Discrepancies between kTotalStrokes and kRSUnicode in the Unihan database - repost all ascii

From: John Armstrong <john.armstrong.rn3_at_gmail.com>
Date: Tue, 9 Sep 2014 10:02:26 -0400

[Apologies if this issue has already been resolved. I searched the
Unicode.org site for discussions but I only found document dating from 2003
which touches on the issue: andrewcwest_at_alumni.princeton.edu RE: Unicode
4.0.1 Beta Review 1. kRSUnicode Field (
http://www.unicode.org/L2/L2003/03311-errata4.txt)]

A CJK Han character is conventionally viewed as consisting of a radical
plus a residual part or "phonetic". (For a character which is a radical
the residual part is nothing. The term "phonetic", indicating that the
residual part of the character points the pronunciation of the character,
properly only applies to 90-95% of characters, but it applies in the
examples below. )

The two parts of a character each consist of a specific arrange of strokes,
and together account for all the strokes in the character. In particular,
the number of strokes in the radical portion plus the number of strokes in
the residual portion equals the total number of strokes in the character.
The stroke count of a radical combined with a residual part is not always
the same as the stroke count of the radical appearing on its own, but may
be slightly or significantly less due to a minor or major abbreviation. (A
radical may have several forms which are used in different positions of the
whole character, say left or right side vs. top or bottom. These variants
may have the same or different stroke counts.)

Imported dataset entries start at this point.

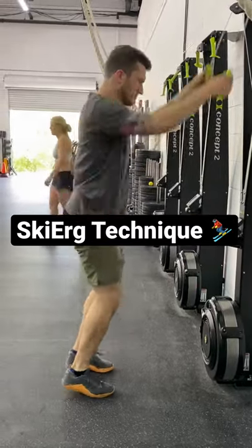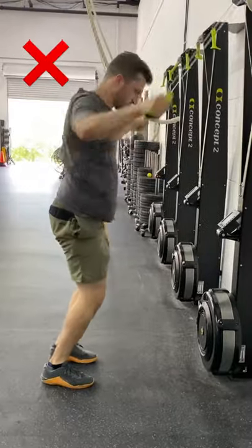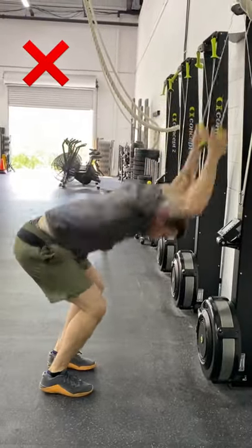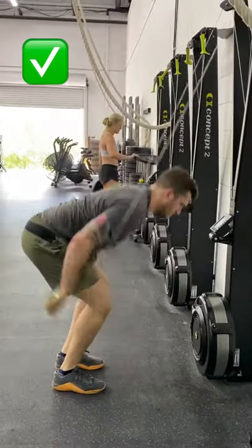The ski erg is a great tool, especially if you use it properly. A lot of times we see people skiing like this though, just throwing their chest at the ground and leaving their hips up high. A better way to do it is to try and get your forearms parallel to the wall and drop your hips as you're pulling the cords.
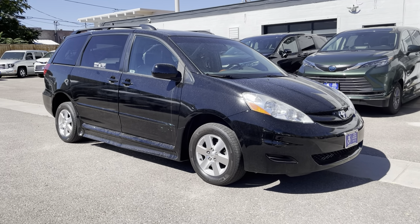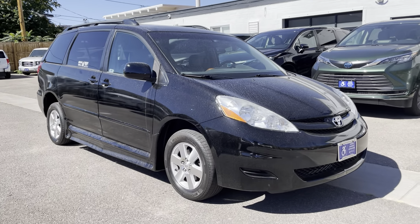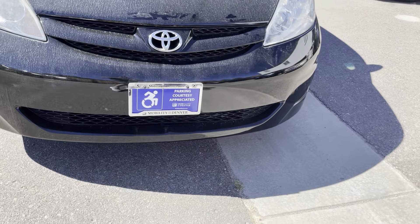Hello. This is a walk-around demonstration video on the 2008 Toyota Sienna with the Braun Ability Conversion. I'll point out any items as we come across them as we're looking around the car.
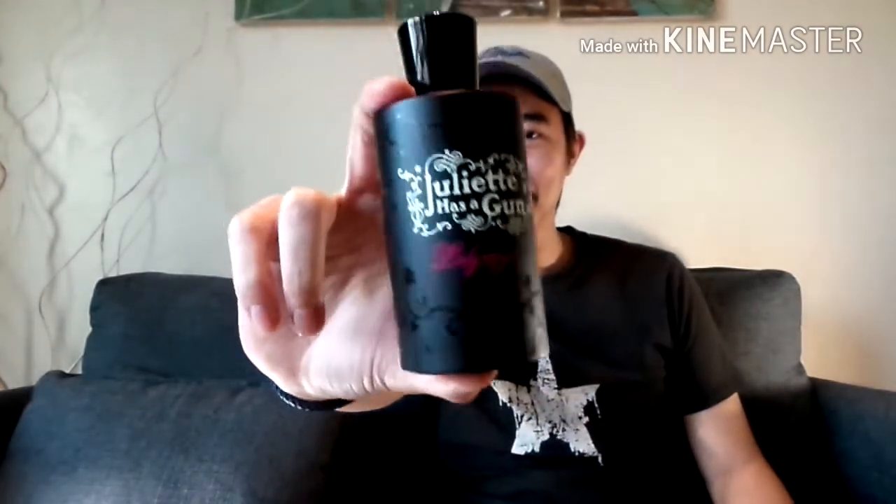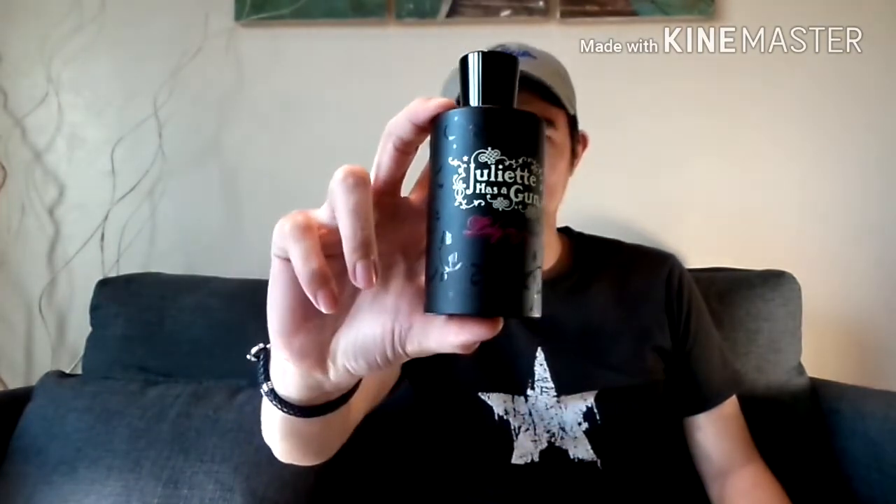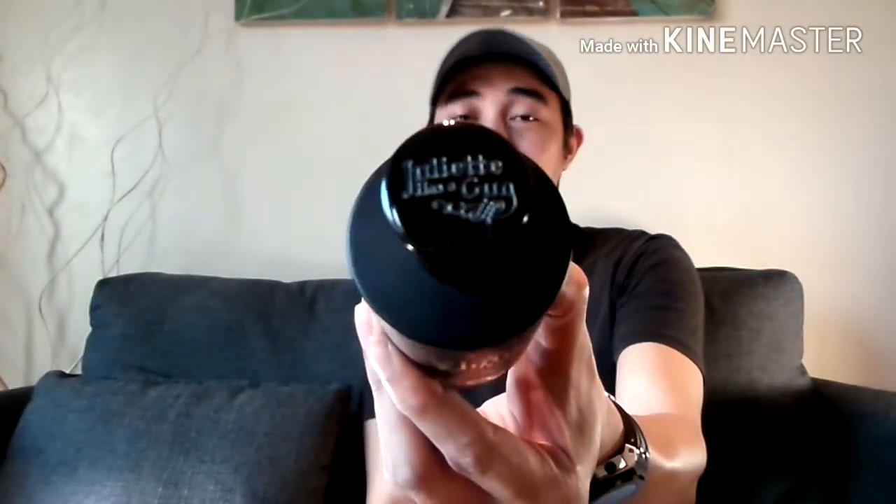Now let's look at the bottle. Nice matte black bottle. You have the cap engraved — by the way, the cap is a glass cap. It is actually glass engraved, one of the heaviest caps that I've encountered, along with Parfums de Marly caps. This one is glass as well.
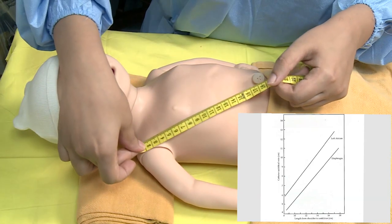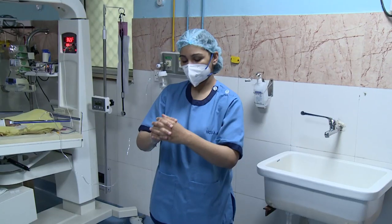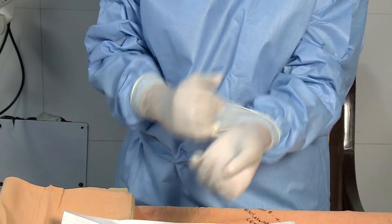Estimate the length of the catheter to be inserted. Wash hands thoroughly. Wear a surgical mask and cap, wear sterile gown, and don sterile gloves.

Because of abbreviated variants the total stroke count for a character
cannot be always be gotten by adding the stroke count of the radical in its
standalone form to the stoke count of the residual portion. However, it
can always be gotten by subtracting the stroke count of residual portion
from the total stroke count of the character. The Unihan database provides
the exact data needed to make this calculation:

kTotalStrokes: stroke count for full character

kRSUnicode: radical number and residual stroke count (in format
<rad_num>['].<res_strokes>, where optional ' (apostrophe) in the latter
indicates a widely used abbreviation for the radical with a significantly
different appearance and a significantly (-3 or more) lower stroke. (But
not all such forms are so marked - examples are forms with radical numbers
140, 162,163,170. It may be that the marker is limited to abbreviations
uses in Simplified as opposed to Traditional Chinese characters.)

The formula is simply:

radStrokes(K) = kTotalStrokes(K) - kRSUnicode(K).resStrokes

This formula generally gives correct results, but not always. In fact,
according to reasonably accurate heuristic test I ran it produces incorrect
(or at least "suspicious") results in 2236 of the total 74911, or 3%, of
characters in the database that have both kTotalStrokes and kRSUnicode
data. Moreover the rate is significantly higher for the characters in the
BMP than in the SIP - in fact it is really negligible in the latter. Most
importantly it is 8.2% in the block containing all the most widely used
characters, the base CJK Unified Ideographs block. The numbers for all
the blocks are as follows:

RANGE TOTAL* SUSPICIOUS PCT

BMP
BASE 20941 1727 8.2
CMP 302 29 9.6
CMPS 4 0 0.0
EXTA 6582 469 7.1

SIP
EXTB 42711 6 0.0
EXTC 4149 5 0.1
EXTD 222 0 0.0

TOTAL 74911 2236 3.0

*with both kTotalStrokes and kRSUnicode

Some of the suspicious cases are actually valid, but I believe that vast
majority are truly incorrect, and that the rate of incorrect radical stroke
counts implied by kTotalStrokes and kRSUnicode is at least 6-7% for the
base CJK Unified Ideographs block.

Here are a couple examples where the stroke counts are fairly small and the
radicals and the residual parts ("phonetics") widely occurring. The first
illustrates the situation where the radical stroke count implied by
kTotalStrokes and kRSUnicode is greater than the correct value, and the
second that where the implied radical stroke count is less than the correct
value. (The second situation is much more common than the first,
accounting for at least 80% of the "suspicious" items.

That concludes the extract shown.